Tim files complaint against Lisa

After leaving Trevor's school, Mraz also called Tim and asked him to come to the State Police post in Lansing to talk about the boy. Tim arrived about 5 p.m. after dropping the other kids at his sister's in DeWitt; Lisa was away, visiting her parents in Williamston.

Tim signed a form acknowledging his right to remain silent, then told Mraz and Nieusma that he saw the scratches on Trevor's neck that morning. Tim said first the boy blamed the teacher, then Tim. Finally, Trevor had said, "Mommy did it."

But Tim said Lisa denied knowing anything about the scratches and insisted they happened at school.

Tim said he never saw Lisa abuse the children, but as they talked, his façade began to crack.

At one point, Nieusma asked about the cut below Tim's left eye and was told Lisa had hit him during an argument.

Had it ever happened before?

Tim acknowledged past incidents and said his life had been hell for the eight years of his marriage. Lisa had cut up his shirts, chased him with scissors and, recently, thrown a plugged-in hair dryer into the shower in an apparent attempt to electrocute him. His wife was controlling and jealous, he said. She often talked about leaving, he said, and was "so frustrated with her children that she has threatened to return the adopted children back to the state."

After agreeing to file a domestic violence complaint, Tim was sent home.

Lisa Holland is jailed

At 8:45 p.m., when sheriff's deputies arrived at the home of Lisa's parents to arrest her, she was talking to Tim on the phone. Deputies ordered her to hang up, then handcuffed her and put her into the patrol car. During the ride to the sheriff's department in Mason, Lisa repeatedly asked why she was under arrest.

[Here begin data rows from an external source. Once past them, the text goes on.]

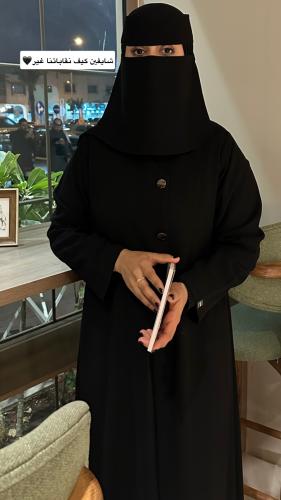 عبايه انيقه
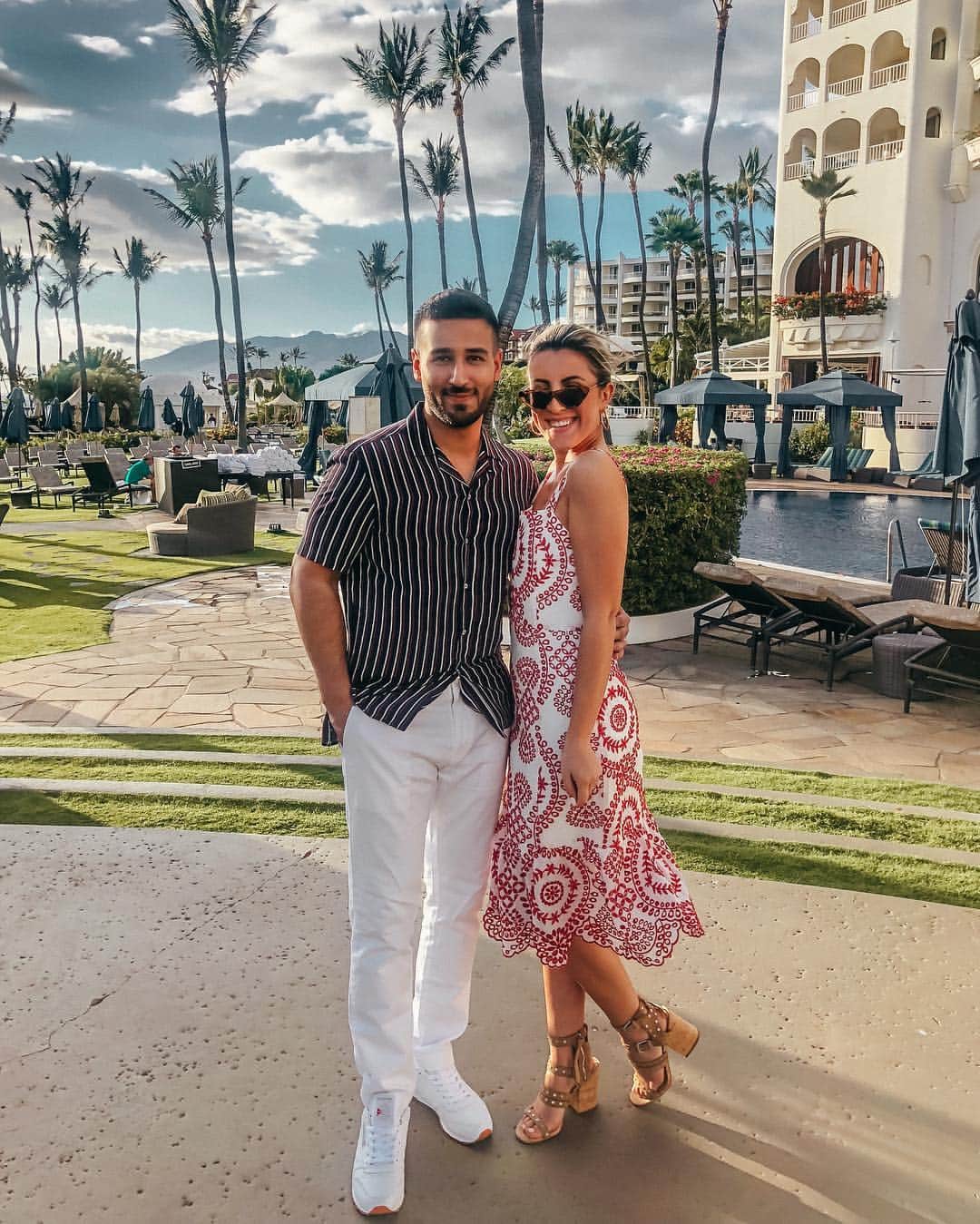 Stephanie Sterjovskiさんのインスタグラム写真 - (Stephanie SterjovskiInstagram)「Love dating this guy right here @nealjolly ❤️ Had the best dinner at @ko_restaurant (order the lobster tempura if you go, it does not disappoint!) @fairmontkealani 🌙 Also shoutout to Roland who took this snap of us 🤙🤗 . P.S. my dress is @vicidolls and you can use my code: STEPHS20 sitewide ✨ . #datenights #mauihawaii #alwayskealani #teamjolly #fairmontkealani #vicidolls #vicicollab #datenightdress」5月5日 8時16分 - stephsjolly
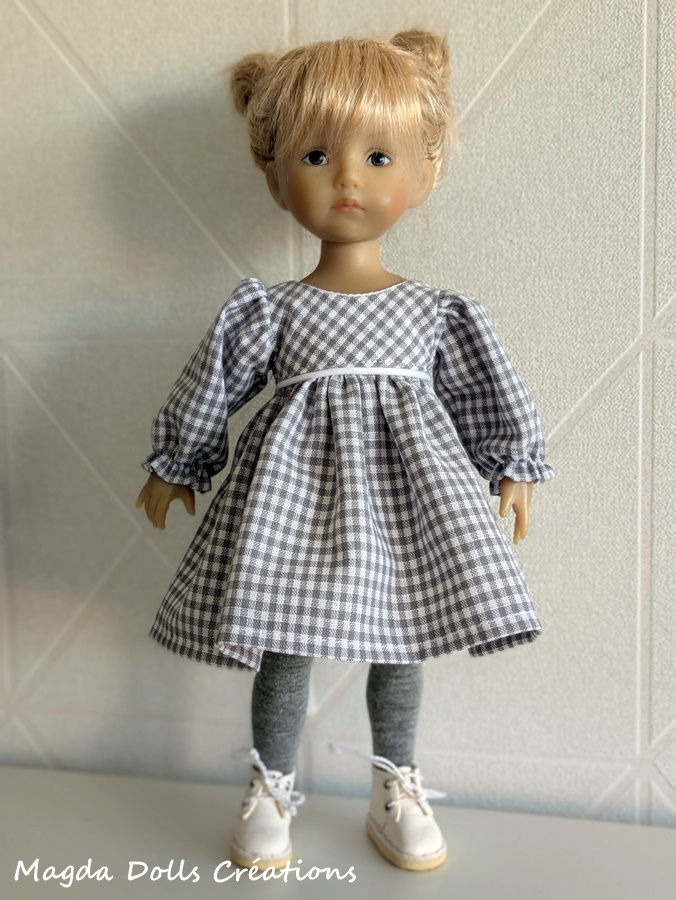Miniature : Robe grise, 3 variantes, différentes tailles.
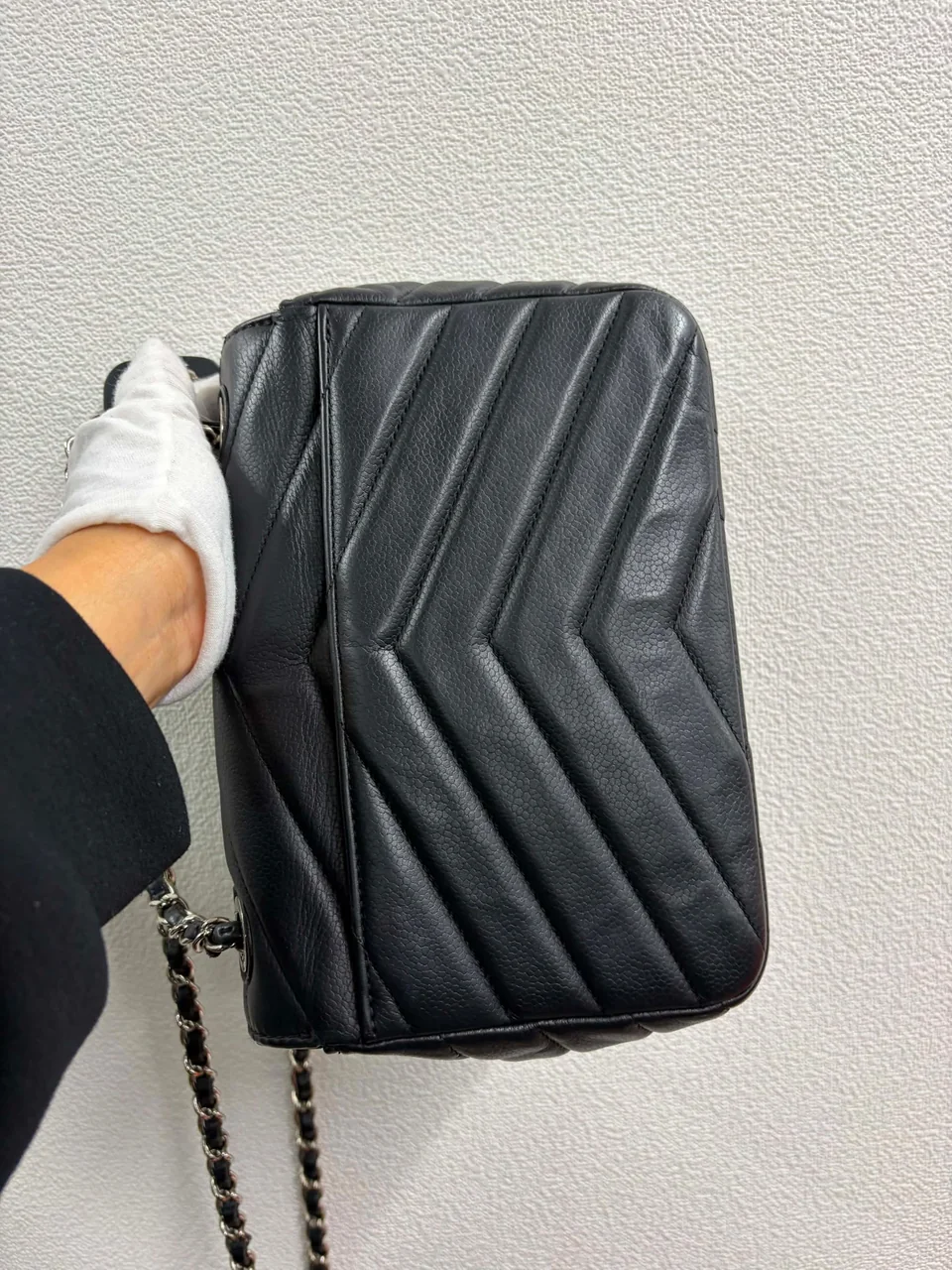 CHANEL CAVIAR CHEVRON SHOULDER BAG view 9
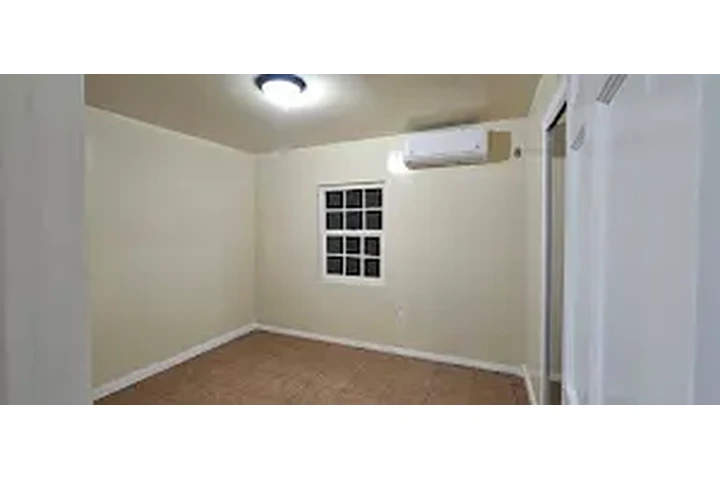 $1750 : RENTO CASITA: EAST LOS ANGELES image 4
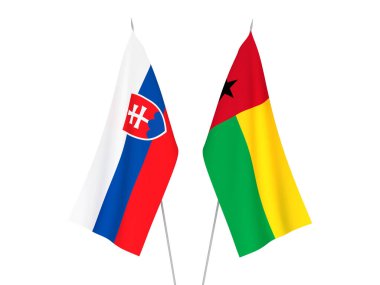 Gine Bissau Cumhuriyeti ve Slovakya bayrakları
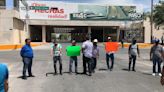 Ladrilleros bloquean avenida Allende; piden indemnización al Municipio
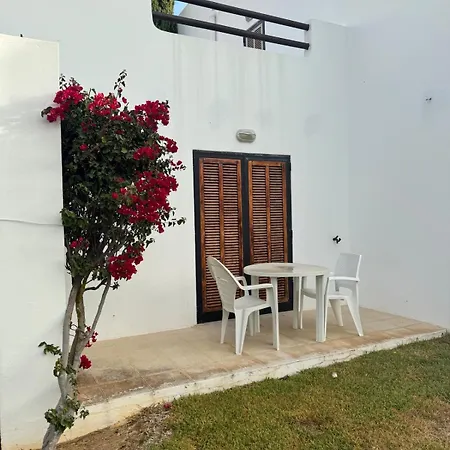 Lovely 3 Bedroom In A In Apartment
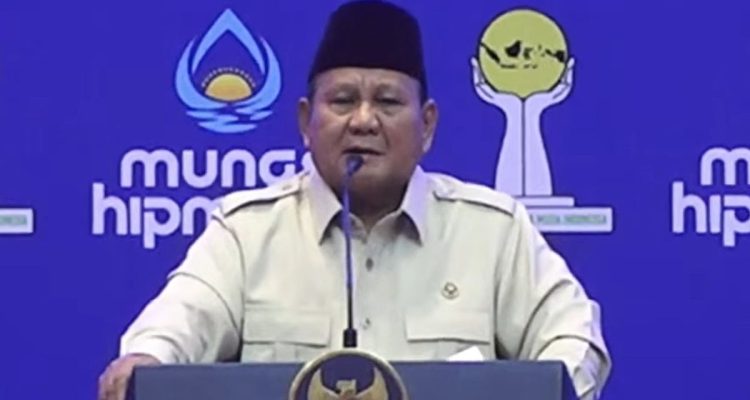 Presiden Prabowo Subianto saat berpidato dalam Musyawarah Nasional (Munas) XVIII Himpunan Pengusaha Muda Indonesia (Hipmi) di Ballroom Novotel Bandar Lampung, Rabu (10/6/2026)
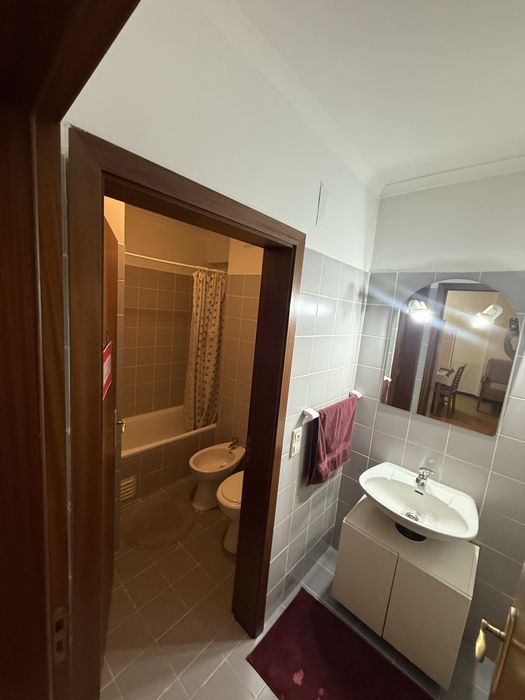 QUARTO família em Penha de França 2 camas LISBOA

She was told the detectives would let her know.

By the time Lisa was read her rights and agreed to talk, it was close to 10 p.m. She admitted having a disagreement with Tim over his firing but said there was no physical violence. She admitted cutting up his shirt once, but emphatically denied throwing a hair dryer into the shower.

Lisa was locked up for the night, pending her arraignment on an assault charge the next day.

The next morning, Lisa sent a message to her jailers, saying she wanted to talk with a detective. Tim left a voice mail for Daugherty that day, saying his sister would take Trevor to the doctor the next day because Tim would be meeting with police.

Finally, investigators were close to getting some answers.